Assignment
Shown below is a listing with pictures; reproduce exactly, and only, the lines between the ones containing "Now, to increase" and "The child's username", inclusive, leaving the pictures out.

Data shown

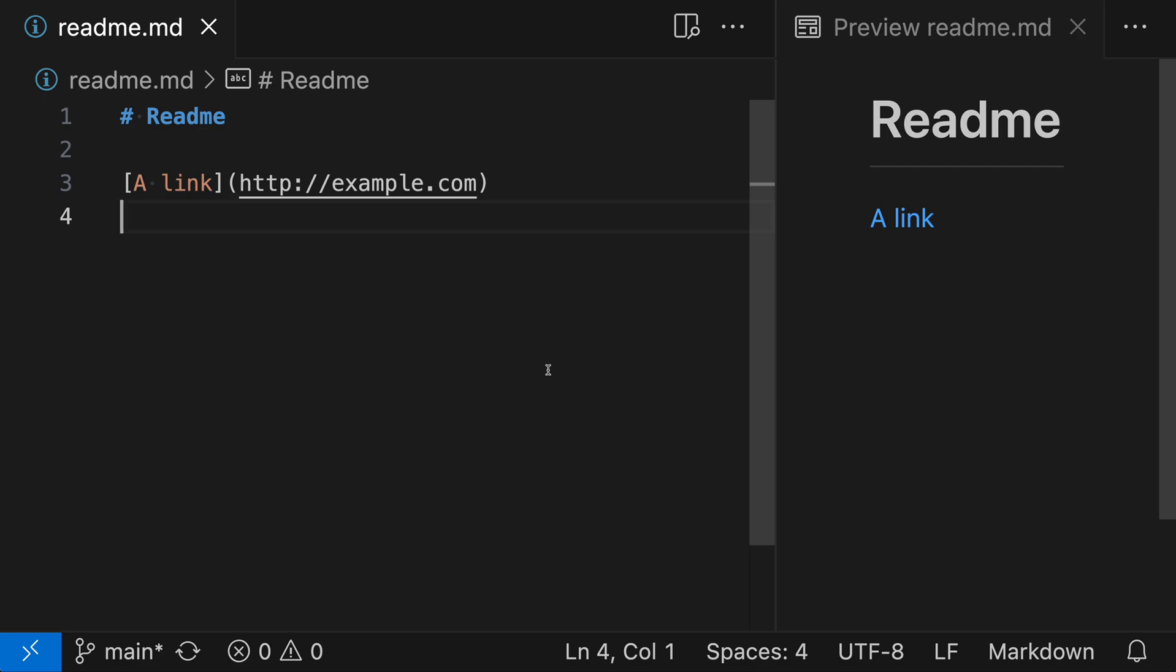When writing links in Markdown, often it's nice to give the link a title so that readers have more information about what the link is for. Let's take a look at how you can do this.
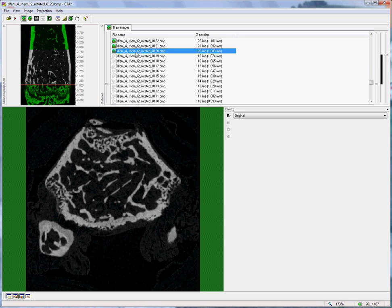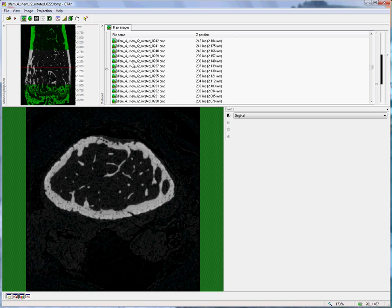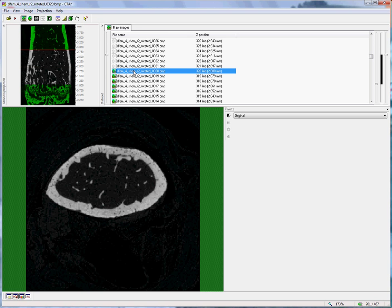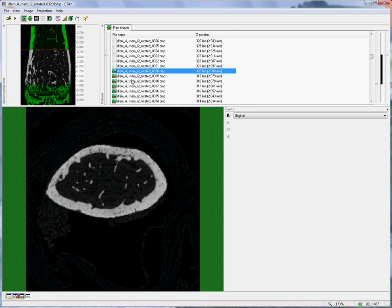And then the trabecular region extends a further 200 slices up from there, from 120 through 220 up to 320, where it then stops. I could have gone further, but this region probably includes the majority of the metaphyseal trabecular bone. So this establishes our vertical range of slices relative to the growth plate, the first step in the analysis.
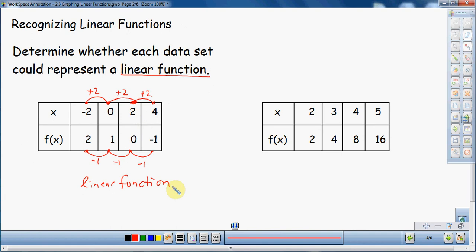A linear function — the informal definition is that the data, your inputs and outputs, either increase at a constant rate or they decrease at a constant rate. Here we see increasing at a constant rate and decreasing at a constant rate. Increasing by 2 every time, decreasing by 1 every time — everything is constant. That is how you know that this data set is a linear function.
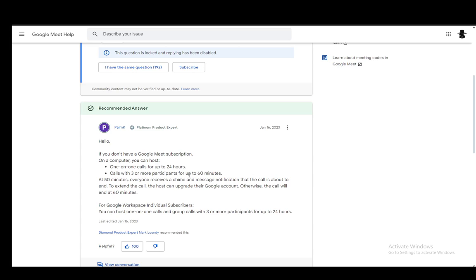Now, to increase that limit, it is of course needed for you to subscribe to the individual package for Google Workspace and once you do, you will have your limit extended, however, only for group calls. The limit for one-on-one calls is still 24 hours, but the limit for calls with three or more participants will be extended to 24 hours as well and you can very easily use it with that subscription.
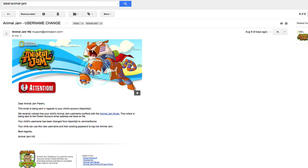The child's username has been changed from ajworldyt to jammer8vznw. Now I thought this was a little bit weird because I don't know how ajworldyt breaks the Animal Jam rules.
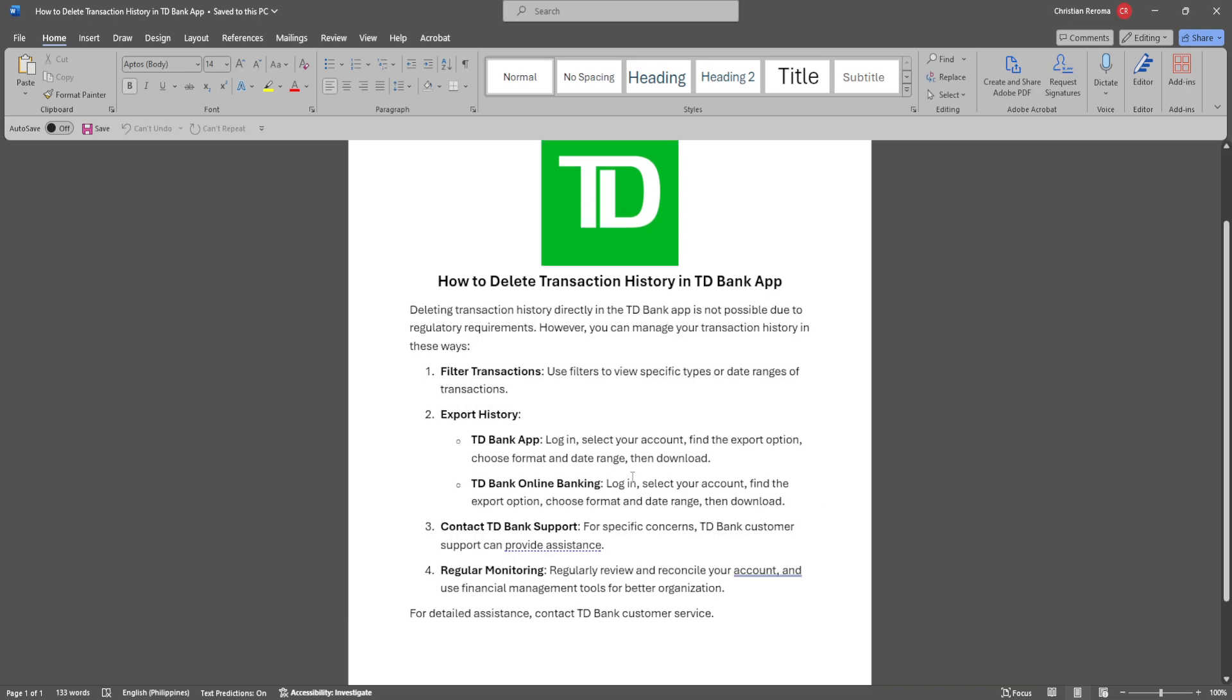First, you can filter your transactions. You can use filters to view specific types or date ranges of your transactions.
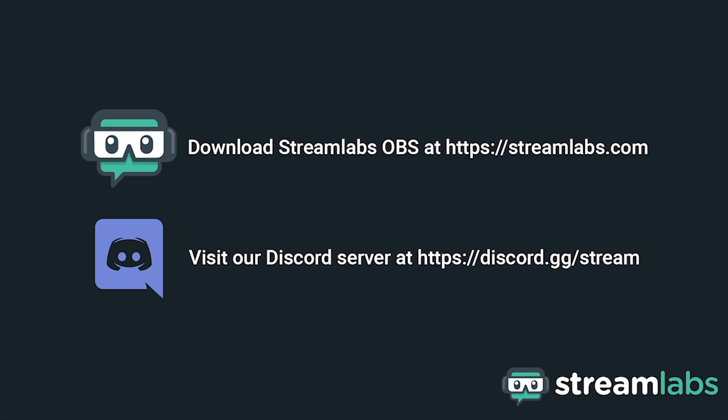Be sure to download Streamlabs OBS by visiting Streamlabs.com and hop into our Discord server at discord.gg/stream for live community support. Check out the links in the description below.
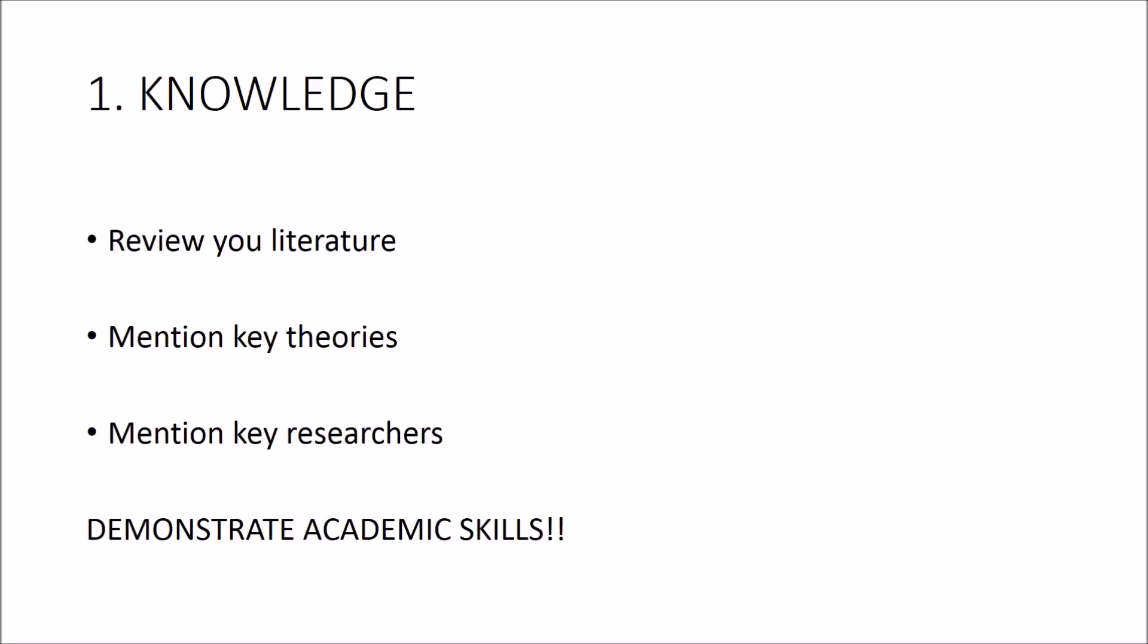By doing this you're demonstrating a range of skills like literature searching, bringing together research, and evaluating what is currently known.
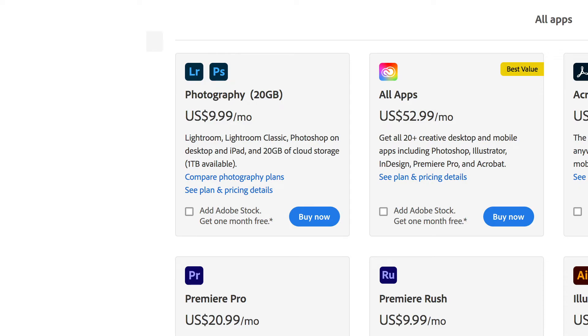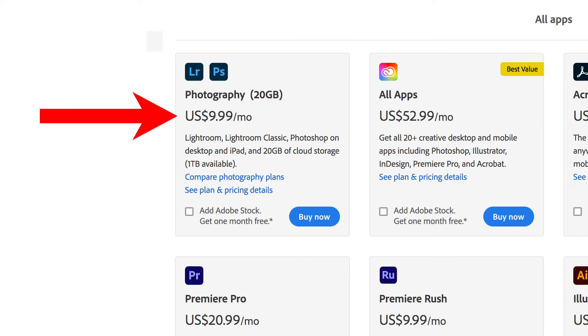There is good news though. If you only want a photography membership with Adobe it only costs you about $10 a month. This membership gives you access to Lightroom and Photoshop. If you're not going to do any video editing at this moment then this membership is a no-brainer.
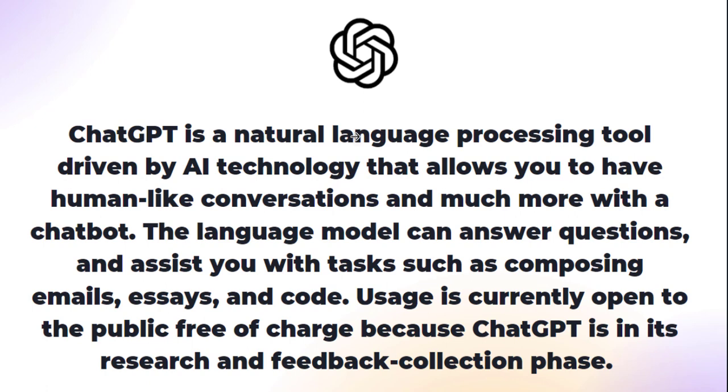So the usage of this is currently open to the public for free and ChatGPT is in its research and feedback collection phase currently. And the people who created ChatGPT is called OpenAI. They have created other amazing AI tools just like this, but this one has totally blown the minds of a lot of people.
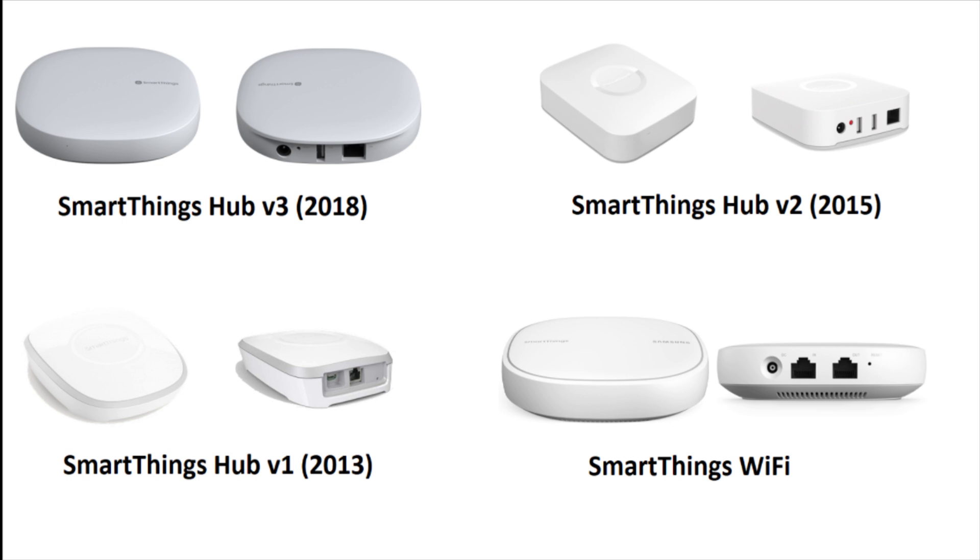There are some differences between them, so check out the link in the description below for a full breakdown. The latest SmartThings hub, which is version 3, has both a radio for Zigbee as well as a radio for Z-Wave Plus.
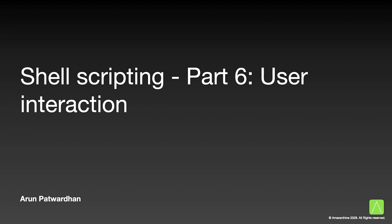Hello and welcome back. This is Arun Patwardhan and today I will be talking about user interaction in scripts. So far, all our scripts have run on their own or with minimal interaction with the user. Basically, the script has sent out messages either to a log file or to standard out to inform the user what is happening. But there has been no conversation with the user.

Answer for the task
Now, to increase that limit, it is of course needed for you to subscribe to the individual package for Google Workspace and once you do, you will have your limit extended, however, only for group calls. The limit for one-on-one calls is still 24 hours, but the limit for calls with three or more participants will be extended to 24 hours as well and you can very easily use it with that subscription.
The child's username has been changed from ajworldyt to jammer8vznw. Now I thought this was a little bit weird because I don't know how ajworldyt breaks the Animal Jam rules.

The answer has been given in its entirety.